Tourists carrying digital cameras on cruise boats have descended on
these regions, photographing Antarctica during the summer months.
With the exception of the last international geophysical year in
1957-58, the last time these regions have received this kind of popular
attention was during the heyday of colonialism in the late 19th and
early 20th centuries. The race to the Poles during that era was seen as
an important vehicle for nation building and the advance of scientific
knowledge. In what follows, I reconsider my book Gender on Ice
(1993) in relation to the work of Isaac Julien's True North
(2004) and Connie Samaras' V.A.L.I.S. (2005) to examine how 20th
century discourses are reworked one hundred years later in the context
of 21st century artistic practices. As I wrote in Gender on Ice,
polar exploration in the late 19th and early 20th centuries was integral
to the social construction of a distinctive nexus of white manhood and
nationalism and was crucial to reifying a particular form of white
masculinity.[1]
In the early 20th century. both the North and South Poles
represented one of the few remaining masculine testing grounds where
"adventure and hardship could still be faced."[2]

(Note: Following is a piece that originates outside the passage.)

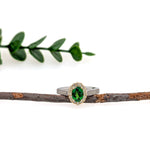 Lincy 14K Dual White Yellow Gold 0.96cts Rare Tsavorite Garnet Diamond Ring | Oval 7.2x5.4mm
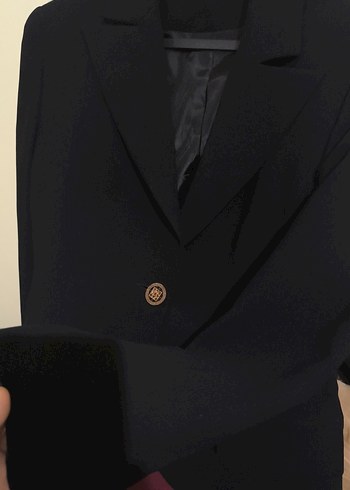 Siyah Düğmeli Kadın Blazer Ceket - Görsel 3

The role of women and people of color, in this vehicle for nation- and culture-building and
the advance of scientific knowledge, was significantly elided at this
historical moment.
Almost one hundred years later, the Arctic and Antarctic are no
longer the site of a privileged white masculinity and these regions are
no longer understood as just remote areas, but rather as spaces closely,
if complexly, connected to globalized and political forces. By focusing
on the work of two artists—Isaac Julien and Connie Samaras—this
article asks: What new stories and images are being produced through
recent attempts to re-visualize the Arctic and Antarctic? What impact
have the genres of science fiction and horror, as well as the older
aesthetic traditions of the sublime, had on their work? In what follows
I will examine how both Julien and Samaras' work are playing off or in
dialogue with issues raised in my book about the Heroic Age of
exploration as well as the ways that both these projects take the
critical scholarship of the book's gender and race politics in new
artistic directions beyond the bounds of my original enquiry.